### Exercise instructions
Return exactly the lines of the data below, from the one that contains "2019 Land Rover" through the final line, and leave out every picture.

### Data to process
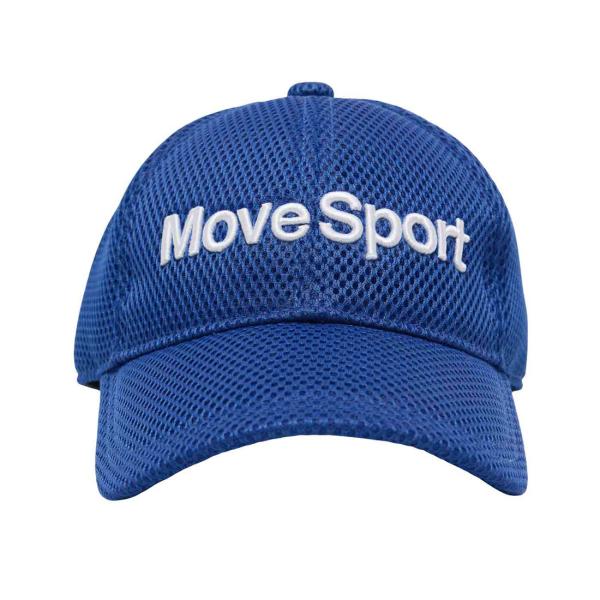 公式 ムーブスポーツ MoveSport Wラッセルメッシュキャップ メンズ レディース 部分抗菌防...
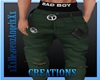 Bad Boy Green Jeans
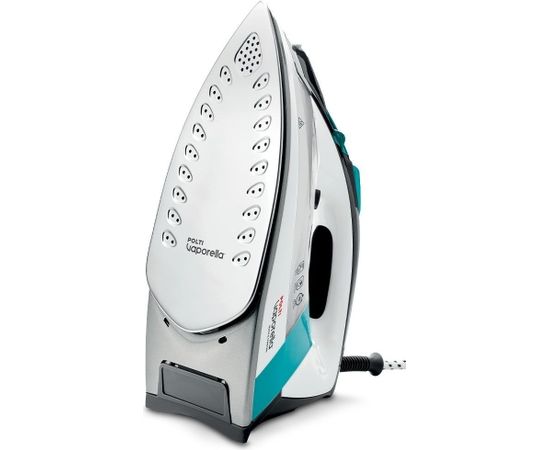 Polti Iron PLEU0251 Vaporella Quick & Comfort QC110 Steam Iron, 2200 W, Water tank capacity 300 ml, Continuous steam 30 g/min, White/Blue/Black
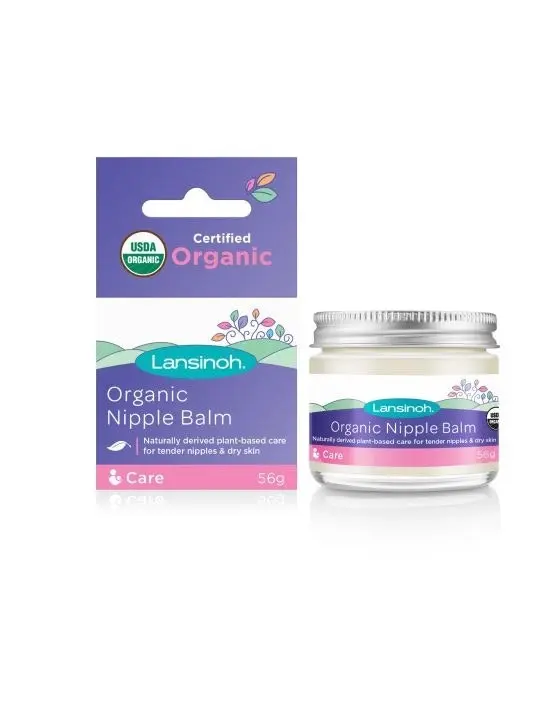 Lansinoh Organic Nipple Balm 56g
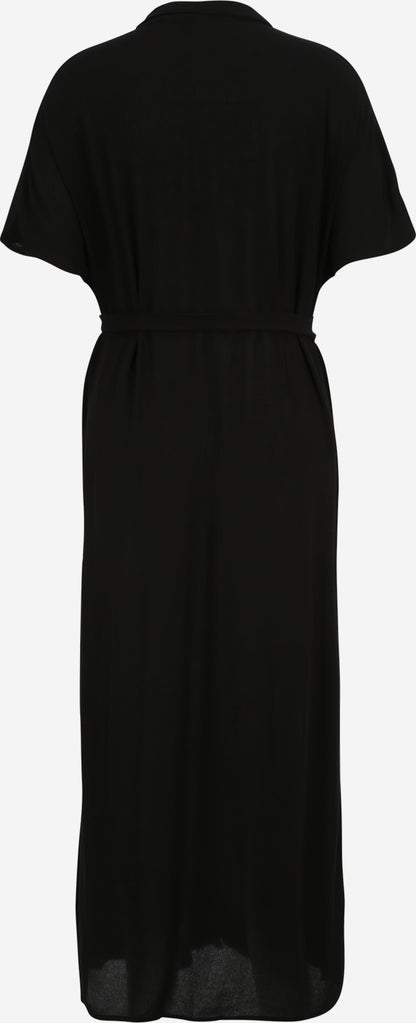 Vero Moda Tall Blousejurken Blousejurk Menny Dames Zwart
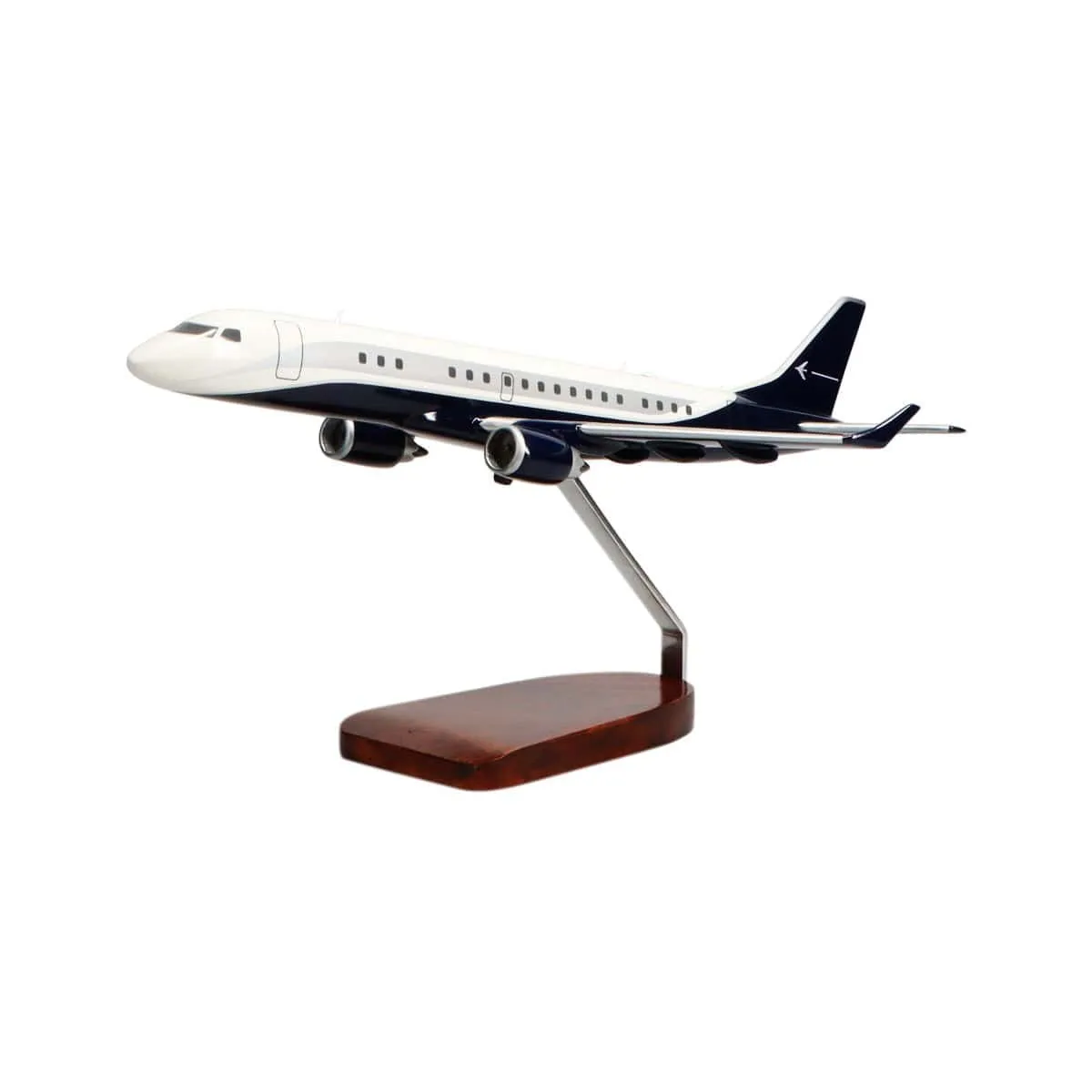 Embraer Lineage 1000 Large Mahogany Model
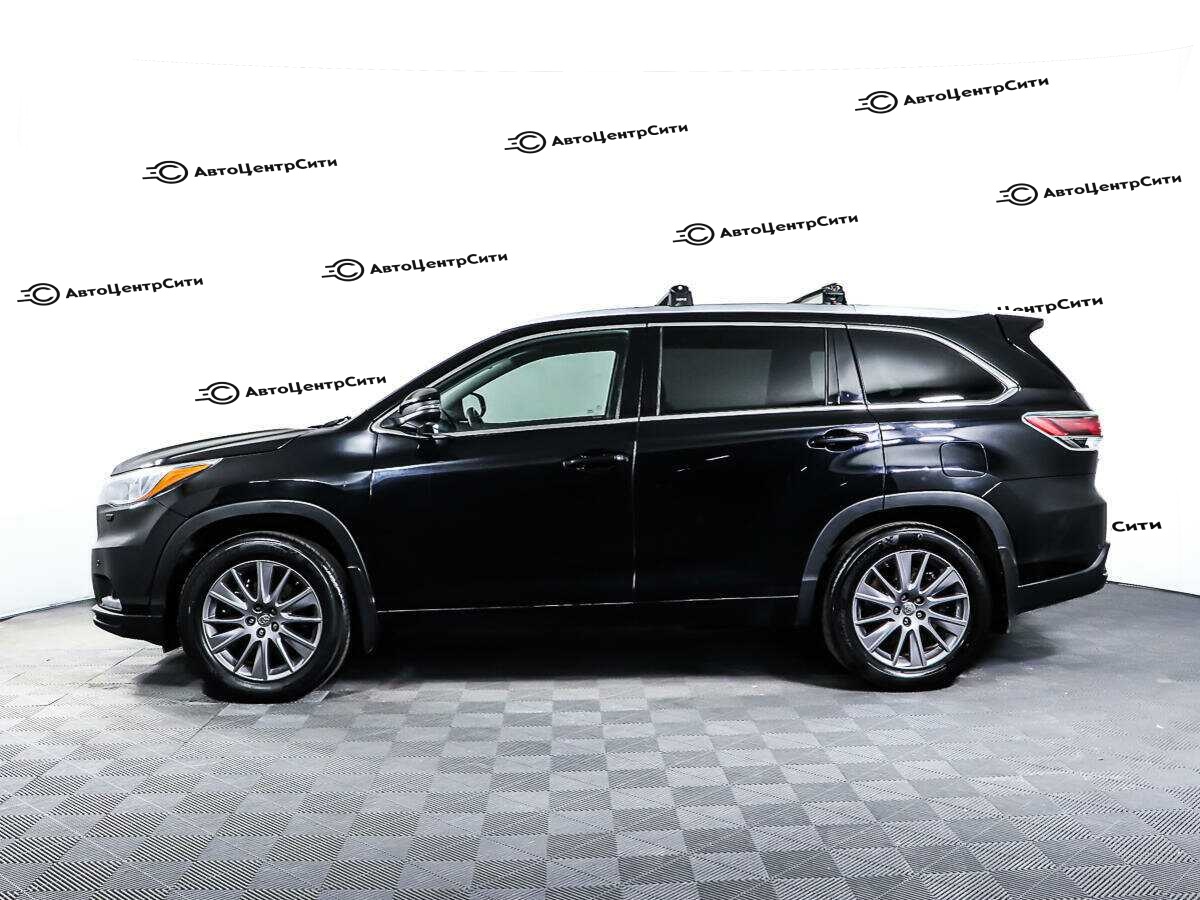 Toyota Highlander с пробегом — 2014 год. Фото: #7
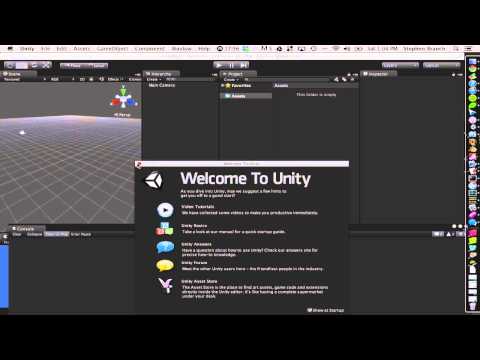Scripting Mechanical Object in Unity #13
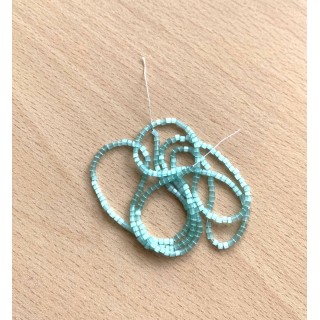 perles satinées 11/O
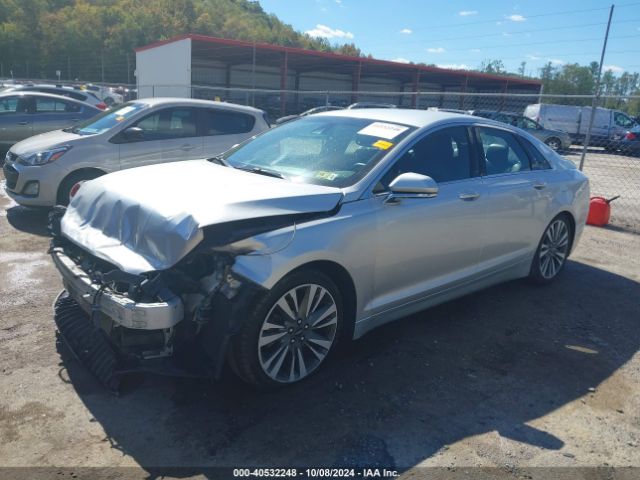 3LN6L5E92HR604307 Lincoln Mkz Reserve
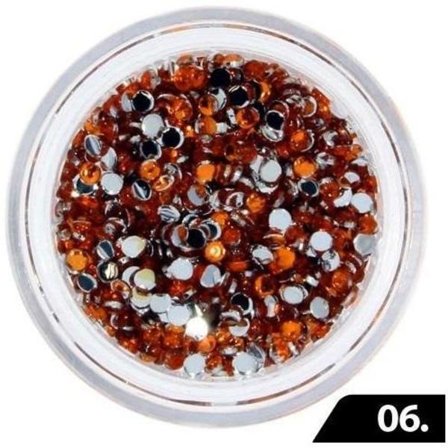 Zirkon stenar (Glas) - 1,5 mm - 200 st - 06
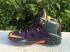 Nike Zoom Lebron XII 12 Men Basketball Shoes Purple Black Orange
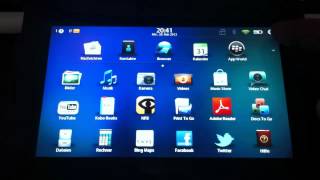 Anleitung Android Apps auf dem BlackBerry PlayBook installieren [upl. by Tala424]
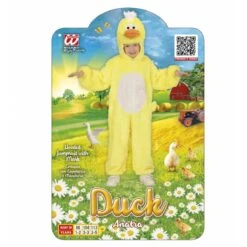 Widmann Jumpsuit Met Kap En Masker Eend -Halloween/Cosplay widmann jumpsuit met kap en masker eend 2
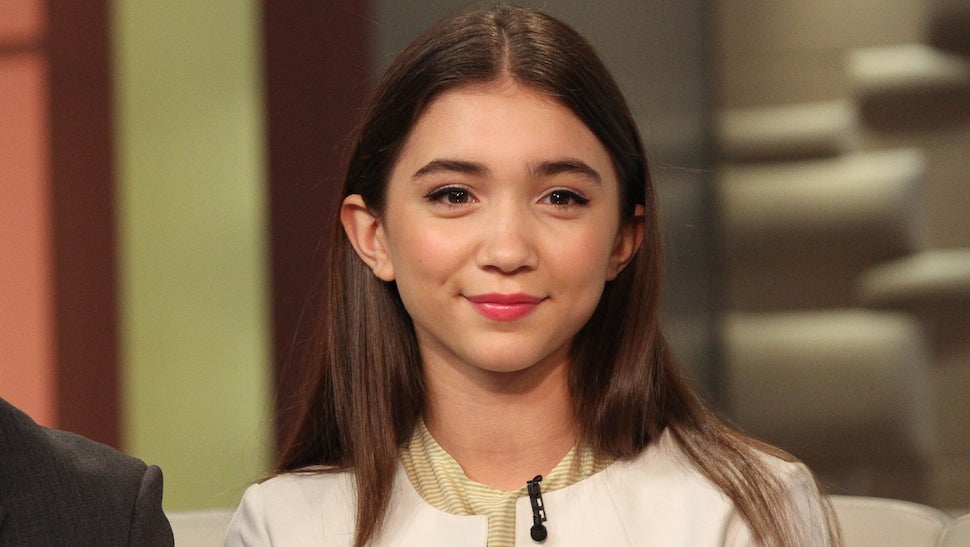 Rowan Blanchard Cfake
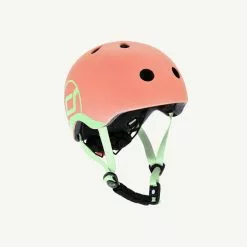 Bikes & Trikes Scoot And Ride Helmet With LED Light XS/S - Peach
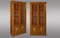French Mahogany Bookcases, 1800s, Set of 2 1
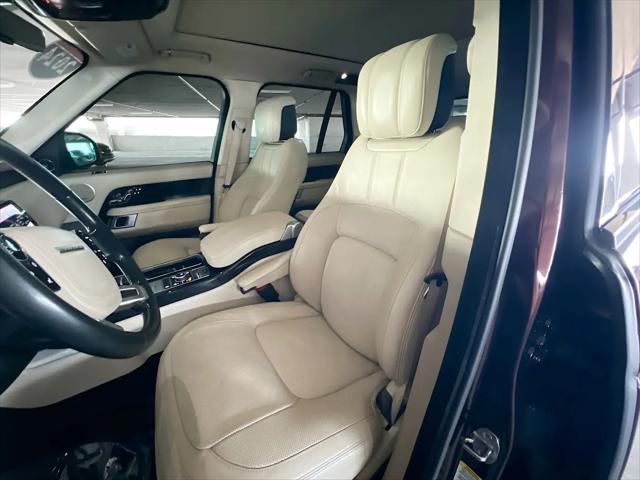 2019 Land Rover Range Rover 3.0L V6 Supercharged HSE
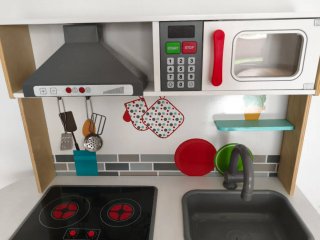 Cocina de Juguete de Madera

### Response below
 2019 Land Rover Range Rover 3.0L V6 Supercharged HSE
 Cocina de Juguete de Madera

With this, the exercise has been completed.